The results of The NYT news discourse analysis showed that the predominant themes about Iran centered on the concepts of violence and threat (to other nations). Discursive strategies such as referential strategies, predication strategies and argumentation strategies were employed to promote these ideological themes on the portrayal of prominent Iranian social actors. The discursive analysis
showed that there was a tendency to polarize between Us (good, righteous,peaceful, etc.) and Them (evil, violent, etc.) to associate stereotypical negative traits to the out-group. The study found that such ideological representations of the Iranian participants were linguistically realized via the dominant processes of
transitivity, thematization, and lexicalization. The net effect of the discourse themes, strategies and their associated linguistic means of realization in the
stereotypical construction of Iran in The NYT was that of the negative Other, a nation of people that formed part of George W. Bush’s contentious “axis of evil”– evil, untrustworthy, violent, and a threat to world peace.

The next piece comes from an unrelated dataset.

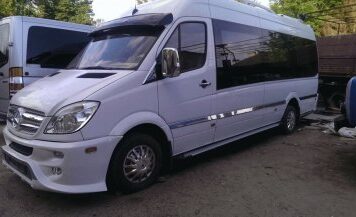 Джанкой – «ворота» Крыма: как добраться туда и обратно?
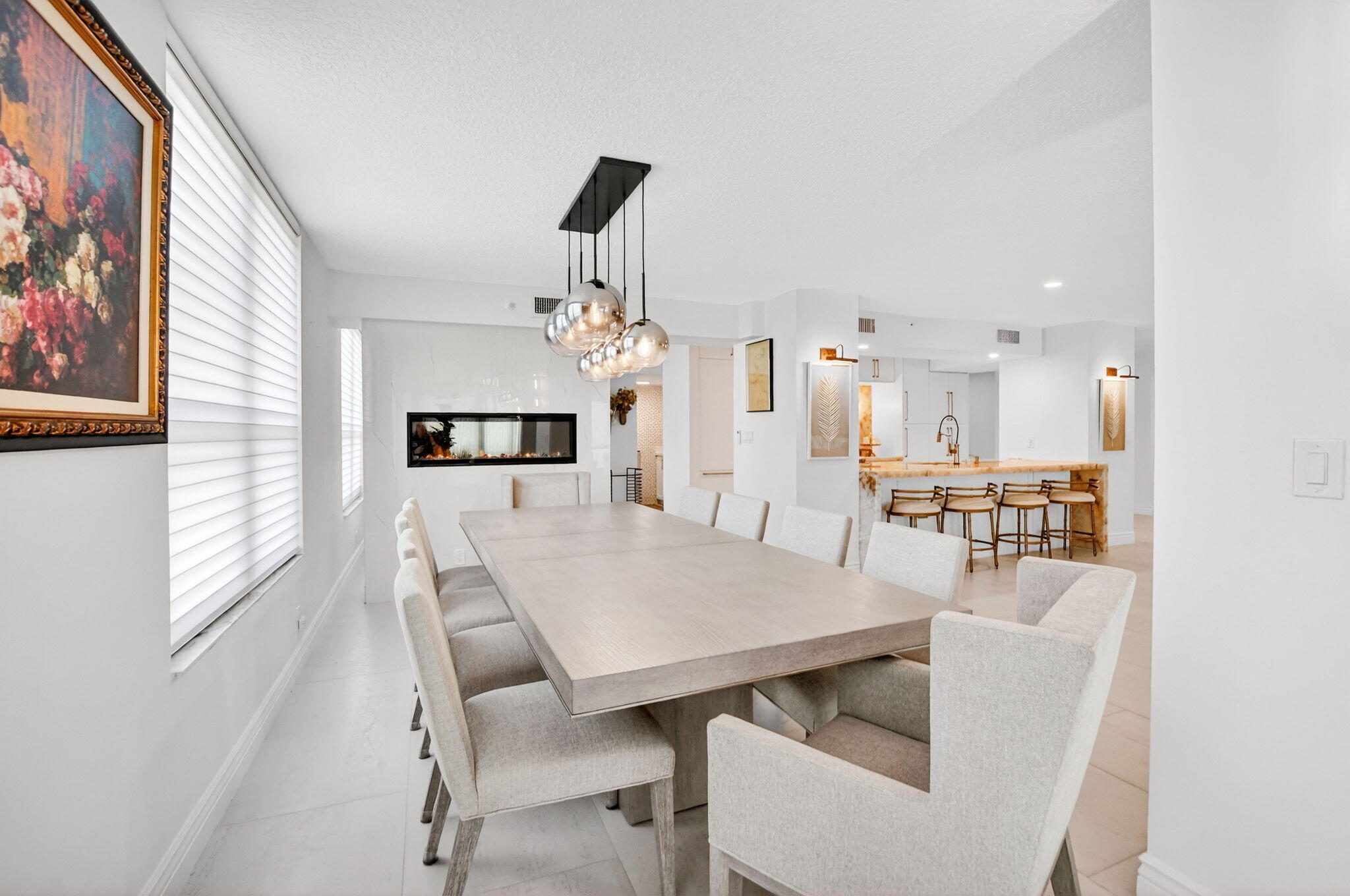 PROMENADE AT BOCA POINTE - Residential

The findings of the study are expected to further illuminate our understanding of powerful role of dominant international news media discourse in (re)producing unequal power relations and the discursive construction of an entire society in geopolitically negative terms to skew world opinion against it. In this way, the study contributes not only to the field of critical discourse studies but also to the related disciplines of journalism, international communication studies, and foreign affairs, among others.